Atlantic City, May 31, 2021
Here, on a crowded beach, is where I met the man who kidnapped me in 1974. Decades later, I stand for a moment of reflection. On this quiet morning, an advertisement grabbed my attention. It’s a PSA for the National Human Trafficking Hotline. The bright message sparked a revelation. What would have once triggered anger and even shame, revealed a deep gratitude. On this ordinary day, I marvel at how much the world and I have changed. That boy, who was almost killed, has come so far. I have since lived a life of my own making. A life I am proud to be enjoying and sharing with you.
The moment inspired “so many skins, since”. I chose the exact anniversary, Memorial Day, to return and restage the shoot. This series of self portraits celebrates survival and growth. More information can be found on my website.

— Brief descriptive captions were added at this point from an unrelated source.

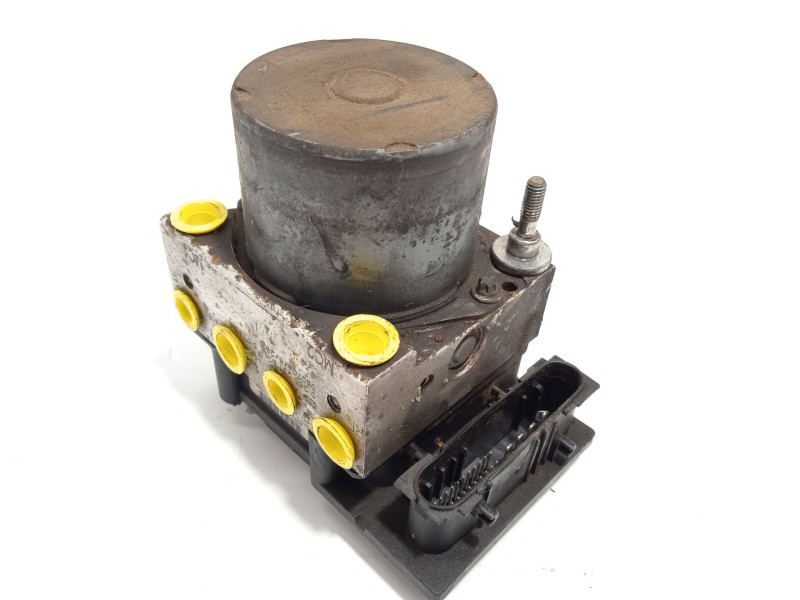 Recambio de abs para fiat stilo (192) 1.9 120 feel multijet referencia OEM IAM 51778818 0265800560 0265231806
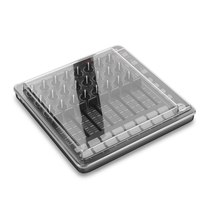 Decksaver Novation Launch Control XL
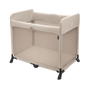 Bugaboo Stardust Reisebett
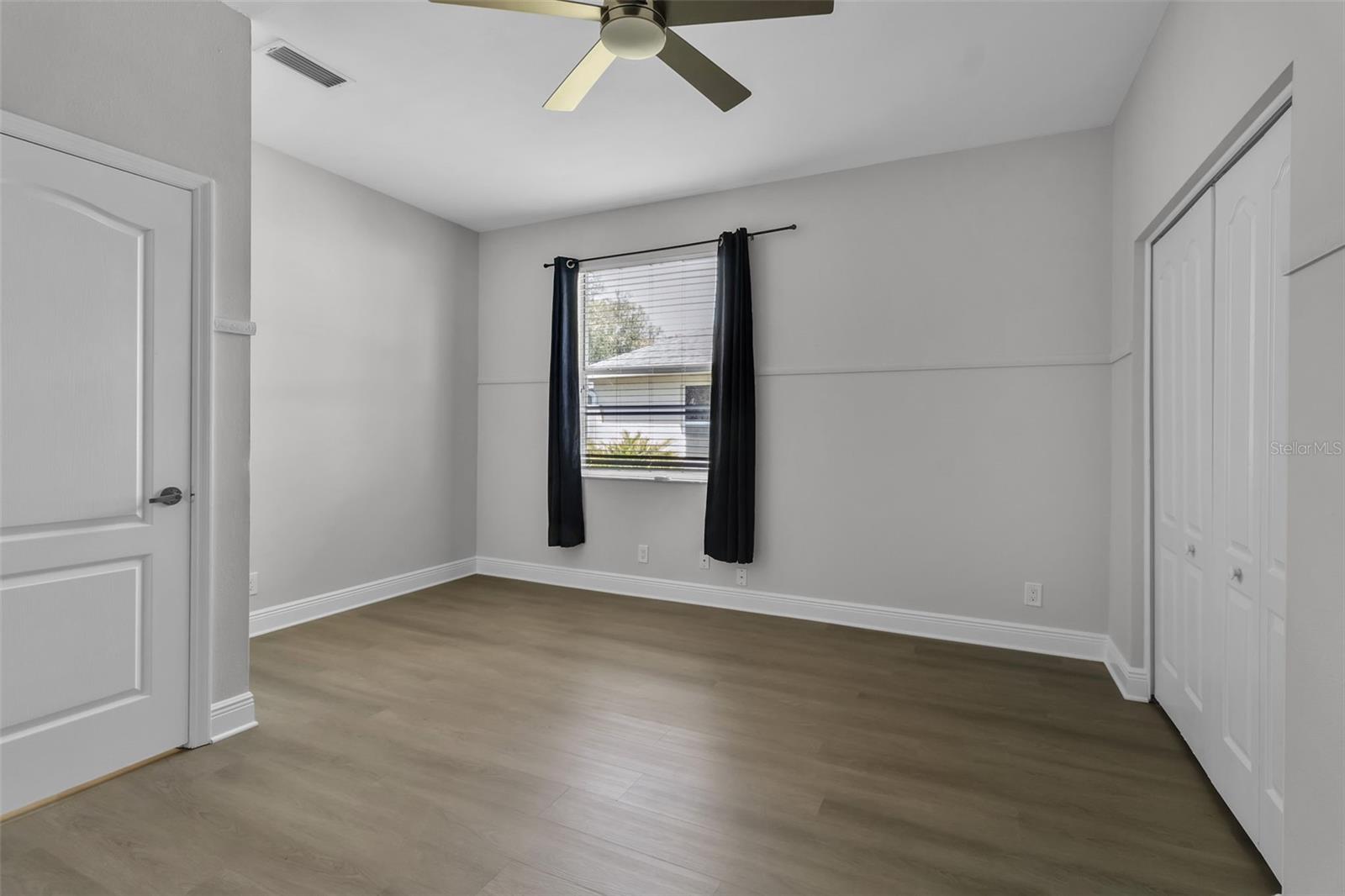 CREEKWOOD PH TWO SUBPHASE E - Residential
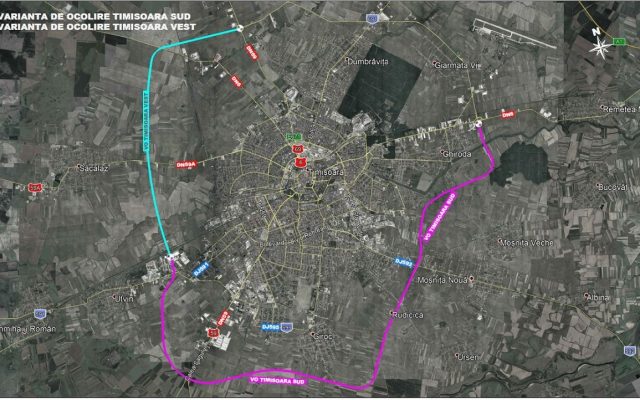 centura-Timisoara-Vest-640x400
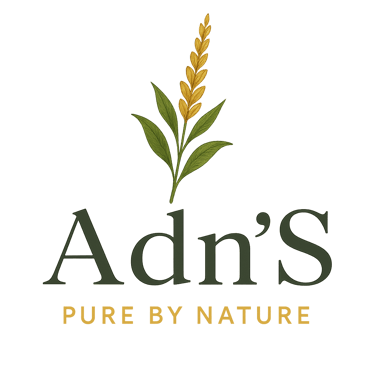ADNS logo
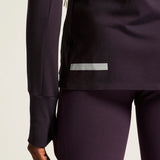 ADV SubZ Jacket 3 W-Dk Plum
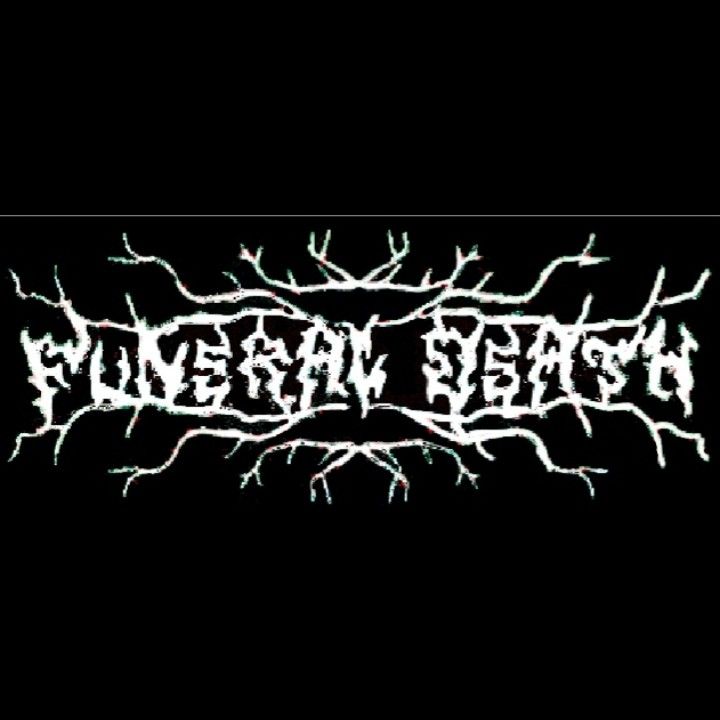 Funeral Death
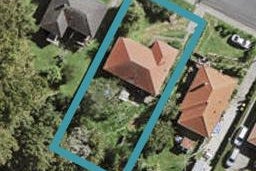 15 Bates Street, Papakura, Papakura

I was barely 15 when I learned Atlantic City was something of a gay resort. Excited to have a look, I hitchhiked there. At first glance it was all grown men, just as every other cruising spot I had found. But through the crowd I saw another boy. I was dumbfounded and relieved - I was no longer the only one. I paced back and forth, desperate to come up with a way to introduce myself. Suddenly a strange looking man blocked my path. Looking towards the boy, and without missing a beat, he said, “His name is Billy. Do you want to meet him?”
By that night, I was in the man’s Manhattan apartment. He kept me heavily sedated, offering me to other men to use. On the fourth night I found myself awake but suffering the effects of an unknown drug. Paralyzed and unable to defend myself, they sadistically raped me throughout the night.
I woke in the dark, dead silence of the early hours. Fearing I would be discovered, my heart pounded while I escaped. Dazed and disoriented, I was lost in the vastness of the city. I fumbled with false starts before my flight found direction. Terrified, I walked through a barren Times Square and beneath a maze of overpasses. Dwarfed by their towering pillars I clung to my determination. From the darkness I saw the final hurdle, the deep mouth of the Lincoln Tunnel. As the sun rose, I hitched a ride out of hell.
Today I stand here strong. Gratefully aging, rooted in my truth. 47 years after they thrilled at choking me, I freely inhale. I display what is real, sags and wrinkles, earned from a life defying their indifference. Coming to understand what I survived, I have peeled off so many skins, since.